This Agreement, the Note, the Security Documents and all other agreements and documents executed and/or delivered pursuant hereto, as each may be amended, modified, extended or renewed from time to time, are collectively referred to as the "Loan Documents." Capitalized terms not defined herein shall have the meanings ascribed to them in the Loan Documents.
3. Representations and Warranties. Borrower hereby makes the following representations and warranties, which shall be continuing in nature and remain in full force and effect until the Obligations are paid in full, and which shall be true and correct except as otherwise set forth on the Addendum attached hereto and incorporated herein by reference (the "Addendum"):
3.1. Existence. Power and Authority. If not a natural person, Borrower is duly organized, validly existing and in good standing under the laws of the State of its incorporation or organization and has the power and authority to own and operate its assets and to conduct its business as now or proposed to be carried on, and is duly qualified, licensed and in good standing to do business in all jurisdictions where its ownership of property or the nature of its business requires such qualification or licensing. Borrower is duly authorized to execute and deliver the Loan Documents, all necessary action to authorize the execution and delivery of the Loan Documents has been properly taken, and Borrower is and will continue to be duly authorized to borrow under this Agreement and to perform all of the other terms and provisions of the Loan Documents.

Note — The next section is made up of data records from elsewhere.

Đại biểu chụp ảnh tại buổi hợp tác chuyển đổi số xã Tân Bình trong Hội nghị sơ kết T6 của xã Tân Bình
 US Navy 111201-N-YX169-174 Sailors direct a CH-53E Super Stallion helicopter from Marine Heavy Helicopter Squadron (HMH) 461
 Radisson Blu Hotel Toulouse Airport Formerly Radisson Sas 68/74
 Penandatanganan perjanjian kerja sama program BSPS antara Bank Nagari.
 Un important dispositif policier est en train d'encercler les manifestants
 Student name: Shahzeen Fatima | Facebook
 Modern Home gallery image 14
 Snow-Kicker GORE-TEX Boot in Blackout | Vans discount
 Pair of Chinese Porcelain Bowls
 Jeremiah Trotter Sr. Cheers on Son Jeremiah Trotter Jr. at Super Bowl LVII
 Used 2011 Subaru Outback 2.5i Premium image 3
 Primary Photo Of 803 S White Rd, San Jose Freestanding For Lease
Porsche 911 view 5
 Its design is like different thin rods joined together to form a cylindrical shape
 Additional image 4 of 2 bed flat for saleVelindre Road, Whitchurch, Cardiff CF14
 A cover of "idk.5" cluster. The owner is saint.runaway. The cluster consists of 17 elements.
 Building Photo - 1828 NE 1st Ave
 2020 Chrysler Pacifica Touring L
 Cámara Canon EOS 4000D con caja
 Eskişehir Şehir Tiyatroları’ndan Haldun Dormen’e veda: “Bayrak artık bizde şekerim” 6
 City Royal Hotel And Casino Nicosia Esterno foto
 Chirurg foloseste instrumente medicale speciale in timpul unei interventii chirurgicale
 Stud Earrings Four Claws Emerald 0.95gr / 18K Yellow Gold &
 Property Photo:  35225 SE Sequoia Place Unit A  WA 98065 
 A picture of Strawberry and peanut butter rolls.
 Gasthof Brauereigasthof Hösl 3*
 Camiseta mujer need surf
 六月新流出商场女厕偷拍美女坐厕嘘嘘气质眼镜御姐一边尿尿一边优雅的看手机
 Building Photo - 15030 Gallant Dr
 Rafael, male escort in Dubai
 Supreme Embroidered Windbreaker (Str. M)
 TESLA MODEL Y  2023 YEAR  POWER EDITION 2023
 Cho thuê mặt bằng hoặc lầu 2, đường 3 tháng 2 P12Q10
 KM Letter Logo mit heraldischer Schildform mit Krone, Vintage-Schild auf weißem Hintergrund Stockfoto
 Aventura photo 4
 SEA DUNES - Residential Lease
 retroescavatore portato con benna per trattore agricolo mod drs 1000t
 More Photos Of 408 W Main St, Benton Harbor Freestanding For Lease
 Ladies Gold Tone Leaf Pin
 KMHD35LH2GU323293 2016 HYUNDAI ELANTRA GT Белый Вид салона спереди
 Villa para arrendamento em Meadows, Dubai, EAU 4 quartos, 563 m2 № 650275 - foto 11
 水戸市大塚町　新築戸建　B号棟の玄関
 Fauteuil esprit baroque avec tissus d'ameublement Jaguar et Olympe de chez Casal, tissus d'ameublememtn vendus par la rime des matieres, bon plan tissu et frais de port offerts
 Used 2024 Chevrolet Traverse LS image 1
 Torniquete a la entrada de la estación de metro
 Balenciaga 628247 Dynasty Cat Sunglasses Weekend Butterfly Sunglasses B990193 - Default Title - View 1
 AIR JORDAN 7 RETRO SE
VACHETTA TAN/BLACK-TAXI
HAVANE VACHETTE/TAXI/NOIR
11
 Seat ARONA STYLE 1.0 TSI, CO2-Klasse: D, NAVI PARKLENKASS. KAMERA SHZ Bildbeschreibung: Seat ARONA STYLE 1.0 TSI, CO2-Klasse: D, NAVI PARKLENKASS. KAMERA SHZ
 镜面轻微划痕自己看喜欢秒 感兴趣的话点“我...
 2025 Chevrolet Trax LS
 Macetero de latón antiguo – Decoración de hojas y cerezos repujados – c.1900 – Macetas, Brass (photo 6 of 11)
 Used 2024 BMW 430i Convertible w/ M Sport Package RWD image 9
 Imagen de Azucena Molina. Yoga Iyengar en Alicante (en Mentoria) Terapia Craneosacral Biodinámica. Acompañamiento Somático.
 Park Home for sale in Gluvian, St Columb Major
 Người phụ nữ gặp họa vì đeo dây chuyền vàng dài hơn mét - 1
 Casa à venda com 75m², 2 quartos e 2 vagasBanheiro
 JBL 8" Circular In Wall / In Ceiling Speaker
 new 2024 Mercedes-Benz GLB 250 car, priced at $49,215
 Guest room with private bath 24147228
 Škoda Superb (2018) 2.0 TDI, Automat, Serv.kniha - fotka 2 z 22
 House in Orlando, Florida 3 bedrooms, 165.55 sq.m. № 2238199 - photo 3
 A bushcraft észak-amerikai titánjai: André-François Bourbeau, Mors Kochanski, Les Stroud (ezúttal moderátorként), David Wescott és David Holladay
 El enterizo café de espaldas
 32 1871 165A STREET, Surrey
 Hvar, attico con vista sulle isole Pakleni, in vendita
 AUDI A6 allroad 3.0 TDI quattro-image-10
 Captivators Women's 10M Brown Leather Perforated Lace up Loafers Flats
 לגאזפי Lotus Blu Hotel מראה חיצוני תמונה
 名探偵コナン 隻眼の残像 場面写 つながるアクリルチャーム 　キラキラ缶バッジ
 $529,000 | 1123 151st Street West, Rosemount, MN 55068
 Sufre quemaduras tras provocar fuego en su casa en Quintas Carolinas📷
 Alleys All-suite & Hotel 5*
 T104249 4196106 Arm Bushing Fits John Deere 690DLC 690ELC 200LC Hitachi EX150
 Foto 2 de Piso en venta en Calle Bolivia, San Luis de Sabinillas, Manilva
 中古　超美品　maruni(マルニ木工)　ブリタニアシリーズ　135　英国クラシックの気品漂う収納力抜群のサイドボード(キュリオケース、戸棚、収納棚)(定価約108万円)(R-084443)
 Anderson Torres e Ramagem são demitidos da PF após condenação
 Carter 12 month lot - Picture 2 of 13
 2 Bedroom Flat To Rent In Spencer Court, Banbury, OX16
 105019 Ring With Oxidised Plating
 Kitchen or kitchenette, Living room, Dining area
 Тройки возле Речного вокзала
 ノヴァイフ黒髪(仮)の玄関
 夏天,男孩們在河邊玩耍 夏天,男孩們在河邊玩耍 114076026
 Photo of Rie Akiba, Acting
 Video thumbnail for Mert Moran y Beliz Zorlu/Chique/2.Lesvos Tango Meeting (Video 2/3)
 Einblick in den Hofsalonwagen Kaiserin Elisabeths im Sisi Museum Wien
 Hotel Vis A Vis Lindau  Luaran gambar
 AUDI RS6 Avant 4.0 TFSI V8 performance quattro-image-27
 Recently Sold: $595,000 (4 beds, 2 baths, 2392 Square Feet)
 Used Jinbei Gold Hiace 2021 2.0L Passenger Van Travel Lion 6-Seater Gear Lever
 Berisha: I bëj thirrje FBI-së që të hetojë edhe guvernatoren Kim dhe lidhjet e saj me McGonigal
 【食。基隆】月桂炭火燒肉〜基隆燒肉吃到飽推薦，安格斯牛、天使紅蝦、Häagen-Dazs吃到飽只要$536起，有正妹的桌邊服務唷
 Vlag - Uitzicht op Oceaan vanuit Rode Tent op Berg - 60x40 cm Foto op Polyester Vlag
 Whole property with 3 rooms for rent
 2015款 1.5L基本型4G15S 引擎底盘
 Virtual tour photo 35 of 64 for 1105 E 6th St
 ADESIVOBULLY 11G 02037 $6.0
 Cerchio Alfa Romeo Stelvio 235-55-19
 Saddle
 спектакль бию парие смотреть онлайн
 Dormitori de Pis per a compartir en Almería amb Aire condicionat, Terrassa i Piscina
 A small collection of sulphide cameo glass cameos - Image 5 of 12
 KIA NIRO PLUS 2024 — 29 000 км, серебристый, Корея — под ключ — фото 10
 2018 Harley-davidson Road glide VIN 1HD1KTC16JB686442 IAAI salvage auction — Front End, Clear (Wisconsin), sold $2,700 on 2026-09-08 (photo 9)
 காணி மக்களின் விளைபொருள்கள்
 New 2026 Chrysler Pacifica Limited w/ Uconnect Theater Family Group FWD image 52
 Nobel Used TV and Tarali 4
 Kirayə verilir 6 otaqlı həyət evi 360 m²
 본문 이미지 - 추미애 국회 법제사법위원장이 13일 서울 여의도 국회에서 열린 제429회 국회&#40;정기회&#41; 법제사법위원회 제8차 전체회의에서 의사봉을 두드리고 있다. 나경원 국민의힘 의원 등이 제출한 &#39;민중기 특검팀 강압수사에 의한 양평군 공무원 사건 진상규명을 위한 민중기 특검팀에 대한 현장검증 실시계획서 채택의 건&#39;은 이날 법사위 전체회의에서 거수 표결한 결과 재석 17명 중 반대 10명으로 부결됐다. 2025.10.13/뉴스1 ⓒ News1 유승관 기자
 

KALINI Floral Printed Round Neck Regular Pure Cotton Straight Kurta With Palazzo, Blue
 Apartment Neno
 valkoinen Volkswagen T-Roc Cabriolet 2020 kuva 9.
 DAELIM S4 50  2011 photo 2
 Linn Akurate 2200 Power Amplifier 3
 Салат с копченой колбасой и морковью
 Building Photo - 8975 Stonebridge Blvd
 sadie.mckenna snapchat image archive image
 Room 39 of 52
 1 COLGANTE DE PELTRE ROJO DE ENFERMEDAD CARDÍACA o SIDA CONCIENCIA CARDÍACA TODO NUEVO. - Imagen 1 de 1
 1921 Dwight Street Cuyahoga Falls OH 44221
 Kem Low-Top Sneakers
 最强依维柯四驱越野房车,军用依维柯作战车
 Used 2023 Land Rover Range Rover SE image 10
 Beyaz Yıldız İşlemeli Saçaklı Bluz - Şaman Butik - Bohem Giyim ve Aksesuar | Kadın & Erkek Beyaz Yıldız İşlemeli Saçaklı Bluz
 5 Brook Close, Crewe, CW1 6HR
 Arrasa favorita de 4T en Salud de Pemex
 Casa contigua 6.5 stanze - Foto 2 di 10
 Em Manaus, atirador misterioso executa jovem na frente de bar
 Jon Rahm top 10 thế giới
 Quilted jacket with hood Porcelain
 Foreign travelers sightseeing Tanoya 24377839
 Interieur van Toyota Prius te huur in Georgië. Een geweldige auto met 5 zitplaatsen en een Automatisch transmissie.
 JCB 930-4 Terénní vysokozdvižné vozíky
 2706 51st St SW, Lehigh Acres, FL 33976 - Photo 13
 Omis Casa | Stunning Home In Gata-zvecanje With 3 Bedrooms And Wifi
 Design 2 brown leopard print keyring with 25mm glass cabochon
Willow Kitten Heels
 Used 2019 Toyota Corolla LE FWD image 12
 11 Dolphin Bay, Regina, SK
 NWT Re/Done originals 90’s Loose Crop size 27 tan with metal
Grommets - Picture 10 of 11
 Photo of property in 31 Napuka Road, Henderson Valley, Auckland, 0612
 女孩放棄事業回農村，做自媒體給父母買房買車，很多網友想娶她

3.2. Financial Statements. Borrower’s financial statements can be found on the U.S. Securities and Exchange Commission’s (“SEC”) EDGAR website (as applicable, the "Historical Financial Statements"). The Historical Financial Statements are true, complete and accurate in all material respects and fairly present the financial condition, assets and liabilities, whether accrued, absolute, contingent or otherwise and the results of Borrower's operations for the period specified therein. The Historical Financial Statements have been prepared in accordance with generally accepted accounting principles ("GAAP") consistently applied from period to period, subject in the case of interim statements to normal year-end adjustments and to any comments and notes acceptable to Lender in its sole discretion.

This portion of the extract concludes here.